Short descriptive text snippets:
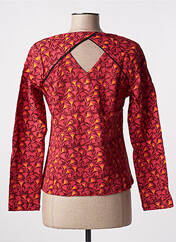 Top rouge SINOE BY BAMBOO'S pour femme seconde vue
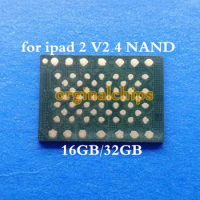 1pcs for ipad 2 16GB 32GB HDD memory nand flash with unlocked serial number SN Code tested V2.1 V2.4 version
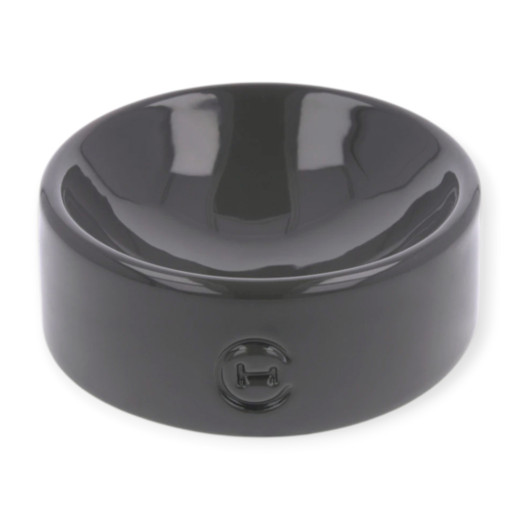 Harley & Cho Sphere Ceramic Bowl Gray миска керамічна зі сферичним дном, сірий - 850 мл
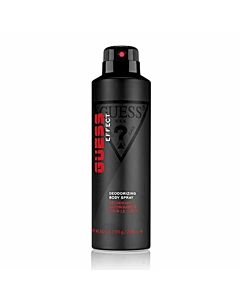Guess Men's Effect Body Spray 6.0 oz Fragrances 085715327253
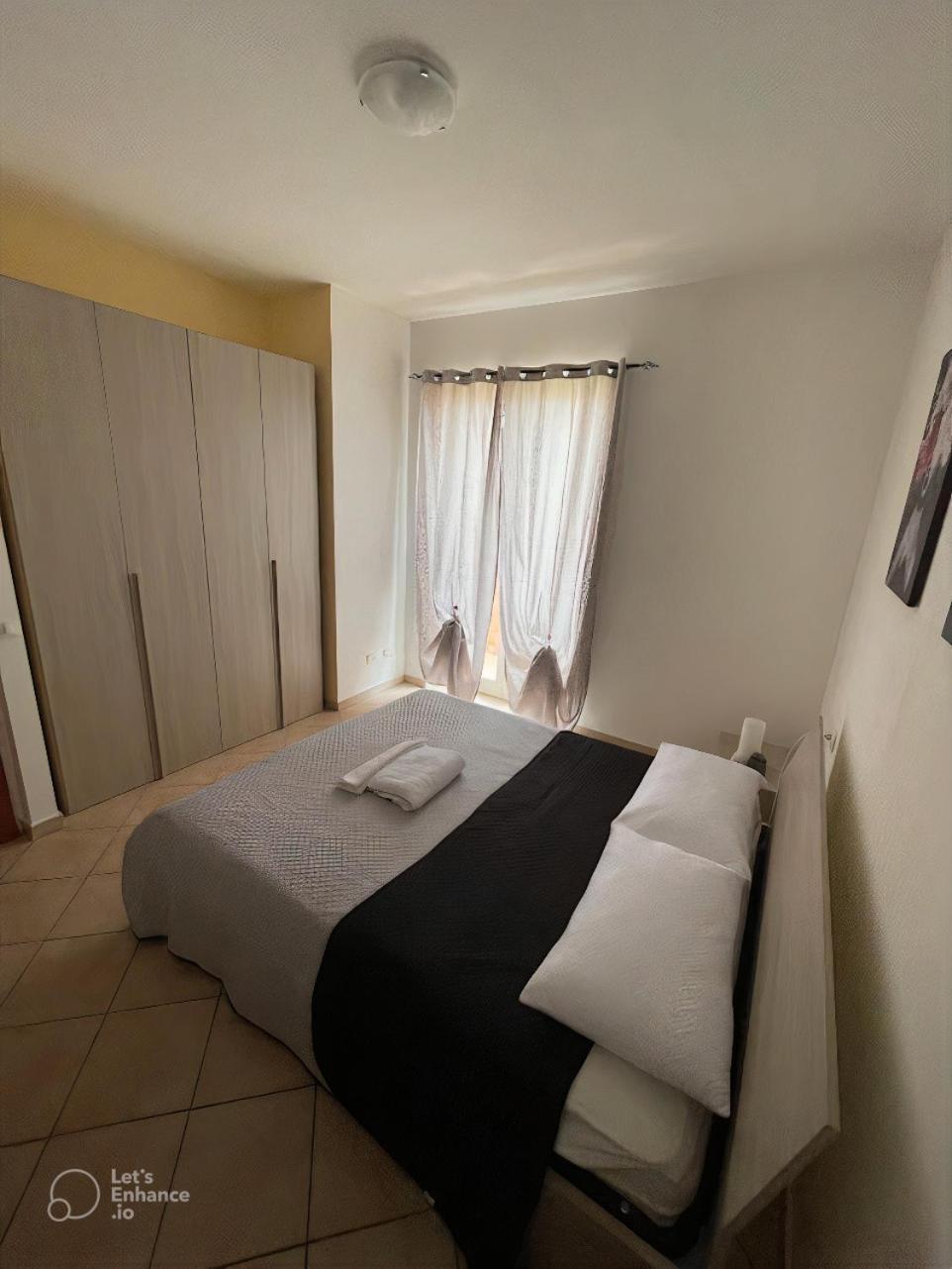 Casa Vacanza Accetta Trappeto  Exteriör bild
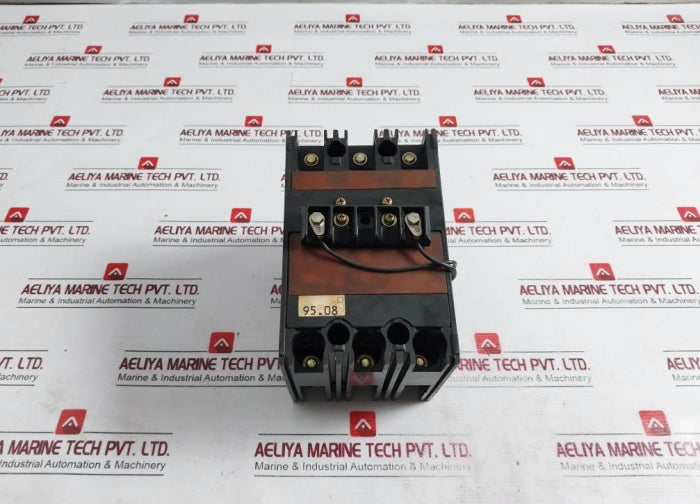 Terasaki Electric Tembreak Tl-100F 3 Pole Circuit Breaker Ac690V 15A 200-480V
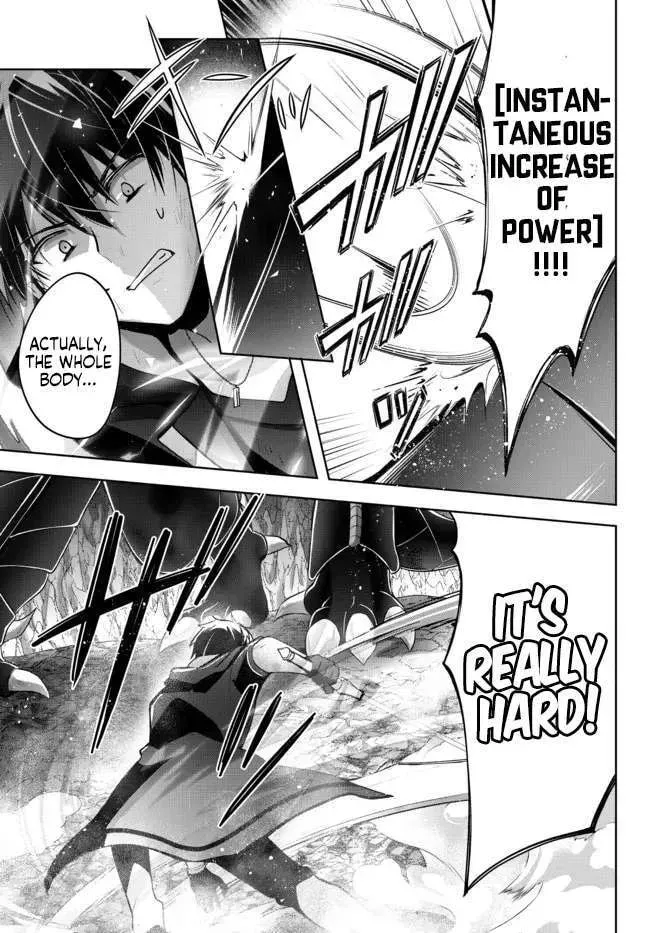 Yuusha Party o Oidasareta Kiyoubinbou: Party Jijou de Fuyojutsushi o Yatteita Kenshi, Bannou e to Itaru Chapter 12.2 — Page 10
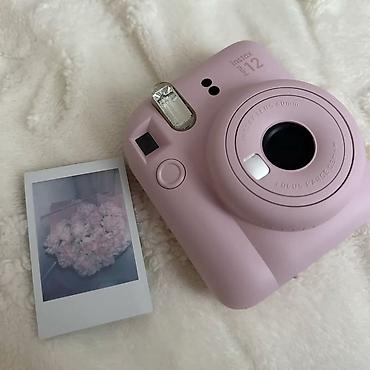 telefon sade: Fujifilm Instax Mini 12 – ani fotoaparat, şəkli dərhal çap edir — 1
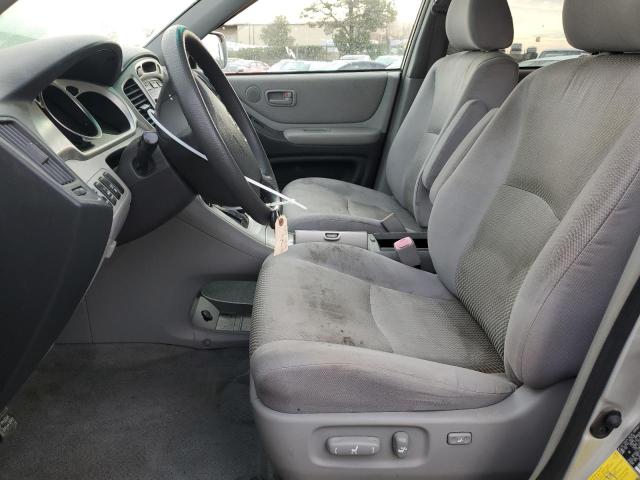 Photo 7 from auction – 2007 TOYOTA HIGHLANDER with VIN JTEDW21A370019442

**TASK BRIEF:** Beginning with the line that contains "telefon sade: Fujifilm" and ending with the last line of the entries above, repeat each line exactly, but not the pictures.

**TASK RESPONSE:**
 telefon sade: Fujifilm Instax Mini 12 – ani fotoaparat, şəkli dərhal çap edir — 1
 Photo 7 from auction – 2007 TOYOTA HIGHLANDER with VIN JTEDW21A370019442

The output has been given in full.